Prosedur pengamanan seorang kepala negara yang selama ini dipahami sebagai prosedur pengamanan individu yang paling ketat, bukan menjadi halangan dan tidak menyurutkan langkah sang presiden untuk dekat, secara fisik, dengan rakyatnya. Anggota pengaman presiden yang sudah paham betul dengan sifat dan kebiasaan Presiden Jokowi pun, sudah memaklumi dan memahaminya. Dan secara profesional, para pengawal dan pengaman presiden ini menyesuaikan diri dan membantu semaksimal mungkin mewujudkan keinginan dan kebiasaan Presiden Jokowi.
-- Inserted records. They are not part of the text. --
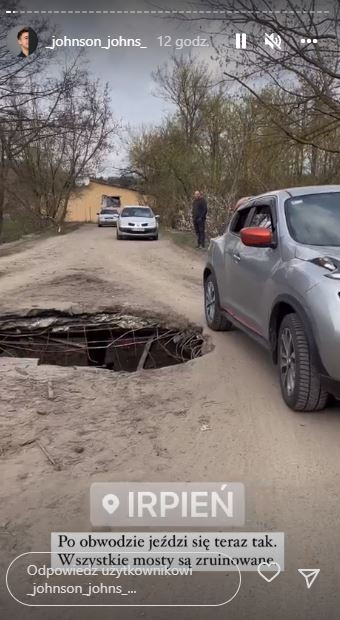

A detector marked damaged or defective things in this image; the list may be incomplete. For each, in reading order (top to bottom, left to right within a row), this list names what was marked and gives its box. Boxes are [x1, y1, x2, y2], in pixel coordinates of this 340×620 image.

damaged road [0, 224, 340, 620]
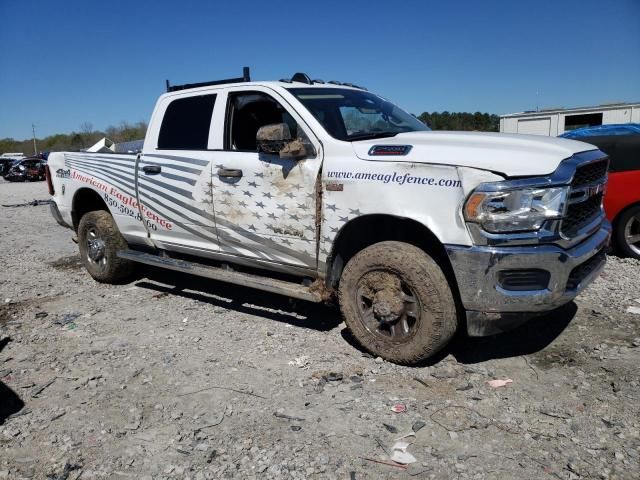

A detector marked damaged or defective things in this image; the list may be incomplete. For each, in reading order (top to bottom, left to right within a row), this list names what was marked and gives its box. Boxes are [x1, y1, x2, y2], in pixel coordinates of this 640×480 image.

damaged front bumper [444, 223, 608, 336]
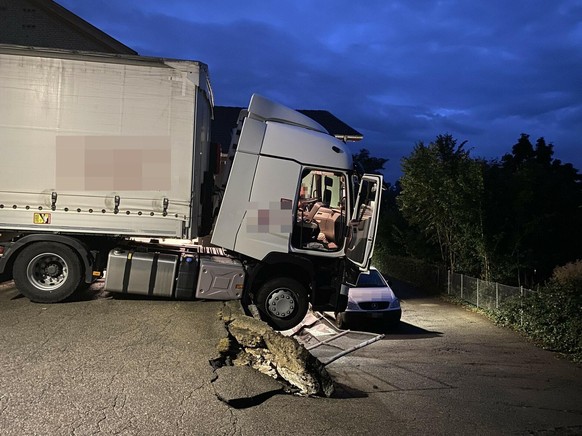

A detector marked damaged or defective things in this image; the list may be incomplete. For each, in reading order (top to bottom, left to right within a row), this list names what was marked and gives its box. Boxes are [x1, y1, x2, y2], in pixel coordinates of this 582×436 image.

cracked pavement [1, 280, 582, 436]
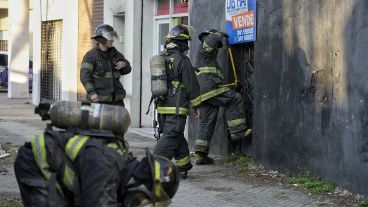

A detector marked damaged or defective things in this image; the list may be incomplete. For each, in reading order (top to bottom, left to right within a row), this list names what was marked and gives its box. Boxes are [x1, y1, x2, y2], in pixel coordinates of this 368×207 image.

peeling paint wall [254, 0, 368, 196]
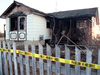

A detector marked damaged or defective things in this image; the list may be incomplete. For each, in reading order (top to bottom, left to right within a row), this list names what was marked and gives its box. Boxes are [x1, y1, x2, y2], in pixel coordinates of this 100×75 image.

damaged roof [0, 0, 47, 18]
burned house [0, 0, 99, 45]
fire damage [45, 7, 99, 47]
burned house [47, 7, 99, 45]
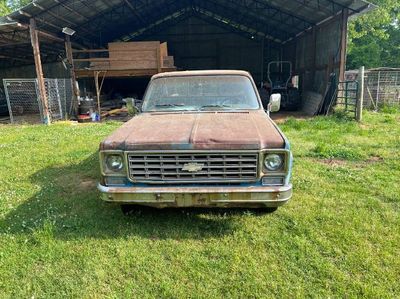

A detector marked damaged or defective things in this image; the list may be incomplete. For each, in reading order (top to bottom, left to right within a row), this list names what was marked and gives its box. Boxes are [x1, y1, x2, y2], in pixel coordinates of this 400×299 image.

rust patch on hood [101, 110, 286, 151]
rusty pickup truck [98, 70, 292, 212]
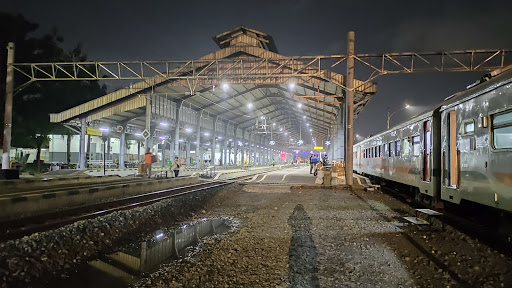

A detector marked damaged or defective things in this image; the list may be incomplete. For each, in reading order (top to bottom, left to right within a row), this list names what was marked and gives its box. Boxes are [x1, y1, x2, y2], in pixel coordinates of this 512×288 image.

rusty train carriage [354, 66, 512, 213]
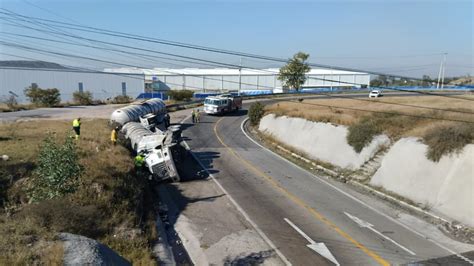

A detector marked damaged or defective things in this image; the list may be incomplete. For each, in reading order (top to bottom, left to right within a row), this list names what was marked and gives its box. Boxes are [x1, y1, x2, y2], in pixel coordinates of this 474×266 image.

overturned tanker truck [110, 98, 186, 183]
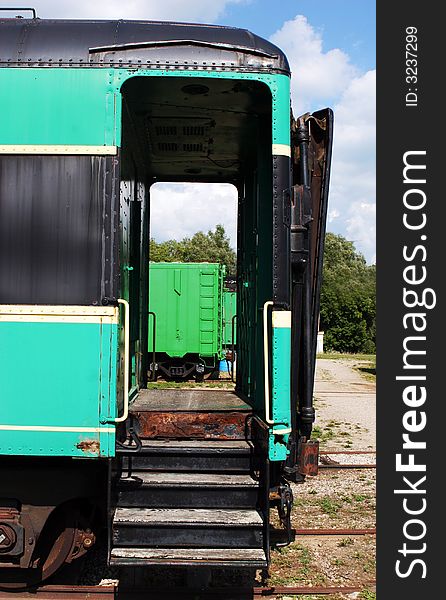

Seperti tidak ingin kesan mendalam masyarakat yang berjumpa dengan dirinya berlalu begitu saja, Presiden Jokowi juga memiliki kebiasaan membagikan oleh – oleh kepada anak – anak dan orang dewasa yang dijumpainya. Kebiasaan yang sudah dilakukannya sebelum menjabat sebagai orang nomor satu di negeri ini.

Sejak menjabat sebagai gubernur DKI, Jokowi kerap membagikan buah tangan untuk anak – anak yang berada di daerah kunjungan atau blusukannya berupa buku tulis. Buku tulis yang kerap memenuhi bagasi mobil dinasnya, dibagikan langsung dari tangan presiden kepada anak – anak yang mengelilinginya.

Hanya anak – anak yang diperbolehkan menerimanya. Orang dewasa dapat memiliki buah tangan lain yang juga kadang dibagikan oleh presiden, seperti baju kaos. Ada yang mendapat 4 atau 5 buku tulis per anak, atau bahkan lebih. Setiap anak pasti merasa senang dan bangga mendapatkan oleh – oleh buku tulis dari presidennya.

Selain diberikan langsung oleh presiden, buku – buku tulis tersebut menjadi lebih istimewa karena di buku tersebut juga terdapat pesan – pesan sarat makna yang dipesankan oleh sang presiden. Beberapa di antaranya pesan berikut: “Membacalah dan bangsa ini akan terhindar dari buta karena ketidaktahuan. Oleh Joko Widodo” “Beli duku sama Bang Muin. Sekolah dulu baru main. Ayo anak-anak rajin belajar. Kan udah ada Kartu Jakarta Pintar” Pesan – pesan tersebut ditulis oleh Presiden Jokowi diilhami pengalaman pribadi yang dialaminya semasa kecil, usia sekolah hingga saat ini menduduki posisi dan jabatan tertinggi di pemerintahan negara.